Le second, Mario Mavrinski, bientôt 22 ans, fait bonne figure avec ses cheveux ras, son visage pâle, son air poupin et son blouson blanc. Il avoue lui aussi sa participation à l'escroquerie aux fausses cartes bancaires, avec un faux air de ne pas y toucher. Comme s'il était victime d'un mauvais concours de circonstance.
« Pour voir la Tour Eiffel »
Le troisième acolyte est un grand gars sec de 23 ans au crâne rasé et bombé en forme d'obus. Ivar Voorel, barbiche blonde broussailleuse à la manière d'un vieux sage du pays du soleil levant, est l'intello du groupe en quelque sorte. Designer de formation, c'est lui l'expert en informatique, la pièce maîtresse de l'arnaque. À les écouter, tous trois ont fait le voyage depuis l'Estonie jusqu'à Paris pour faire du simple tourisme en plein mois de décembre. « Pour voir la Tour Eiffel », soutient Sten, et aller à Disneyland. C'est au profit d'un détour par le Pays de Mickey que les compères piquent sur Reims. Pas pour visiter sa cathédrale mais pour y faire du shopping.

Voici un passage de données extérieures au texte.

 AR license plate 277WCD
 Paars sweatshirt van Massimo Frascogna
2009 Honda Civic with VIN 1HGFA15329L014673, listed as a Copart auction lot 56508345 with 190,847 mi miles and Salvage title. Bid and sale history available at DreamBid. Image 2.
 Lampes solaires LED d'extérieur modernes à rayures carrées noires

L'encodeuse au coffre-fort
Le trio dépense sans compter pour l'achat d'une Play Station, de jeux vidéo, de vêtements, d'une chaîne en or ou encore pour se restaurer. Ils font « chauffer la carte » ou plutôt les cartes. Car ils en possèdent au moins sept. Si l'une ne fonctionne pas, ils tentent leur chance avec une deuxième et ainsi de suite. C'est ainsi qu'un hôtelier de la place et un restaurateur voisin repèrent le petit manège de ces drôles de clients capable de sortir plusieurs cartes bancaires de leur chapeau, non sans afficher un air gêné presque coupable.

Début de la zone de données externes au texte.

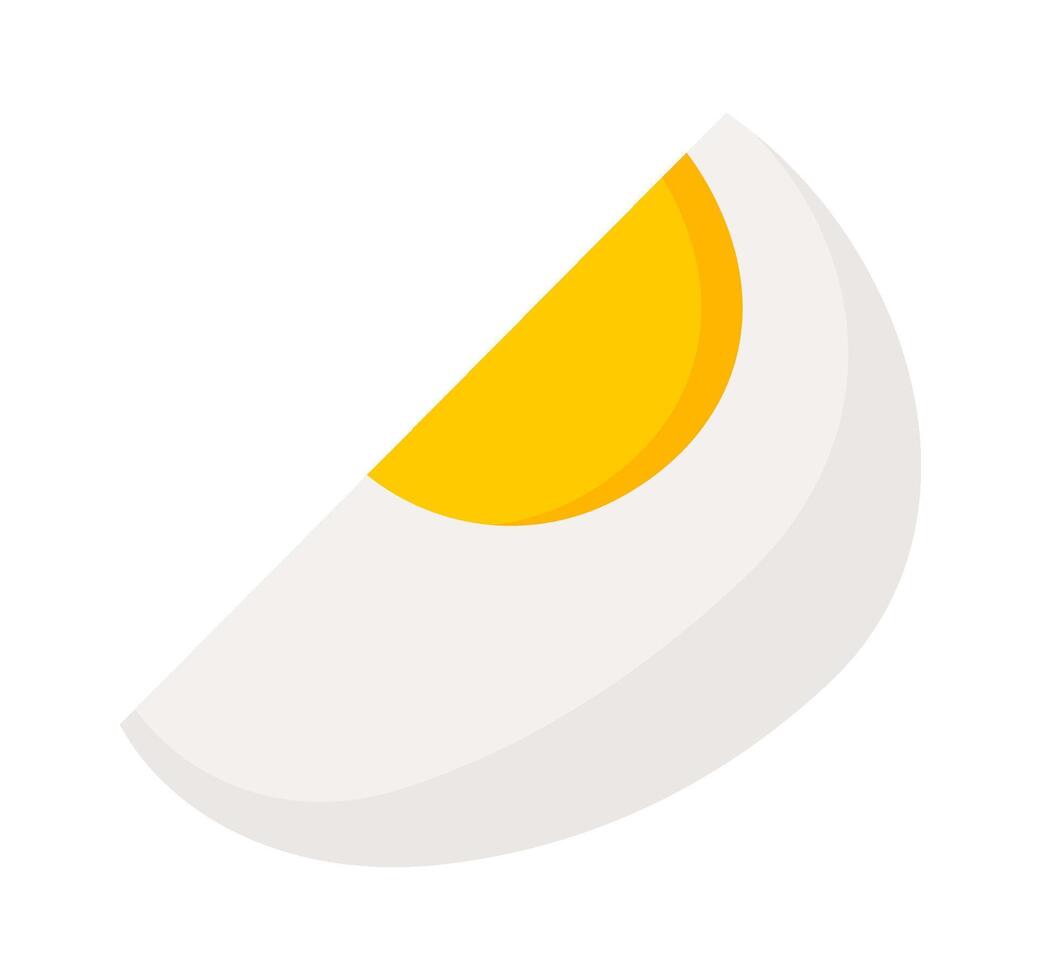 Egg flat icon Diet Balanced nutrition vector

Les policiers du SRPJ de Reims ne tardent pas à retracer l'hôtel de bonne facture où séjournent les aigrefins. L'encodeuse de cartes bancaires est gardée bien au chaud dans le coffre-fort de la chambre d'Ivar. C'est auprès de lui encore que les enquêteurs retrouvent tout le toutim, utile à la falsification. Les cartes bancaires, dépourvues de puce et frappées de la mention « Telemark », sont suspectes en apparence. Par contre, elles fonctionnent grâce à de vraies coordonnées bancaires piratées qu'Ivar a pris soin de réencoder. En l'occurrence, le SRPJ de Reims établit qu'elles ont été copiées à partir de cartes de paiement américaines ou encore coréennes. Le préjudice du Groupement d'Intérêt Économique (GIE), système interbancaire qui gère les transactions par carte bancaire, s'établit à 30 101 euros. Sans compter les paiements infructueux qui s'élèvent à 64 211 euros.
Amitié carcérale
Le trio est arrivé d'Estonie courant novembre. Sten, le leader du groupe, franchit la frontière en voiture avec l'indispensable Ivar. Passage par Nancy puis direction Paris. Mario les rejoint par avion, tous frais payés par l'ami Sten. Les deux hommes ont fait connaissance en prison où ils ont longuement séjourné après plusieurs condamnations pour des vols, parfois aggravés. En France, Ivar récupère la panoplie du parfait escroc à la carte bancaire auprès d'un mystérieux Lorenzo. Il y a là un ordinateur, un disque dur externe, des supports magnétiques, de fausses cartes bancaires et surtout le fameux lecteur-encodeur de cartes bancaires.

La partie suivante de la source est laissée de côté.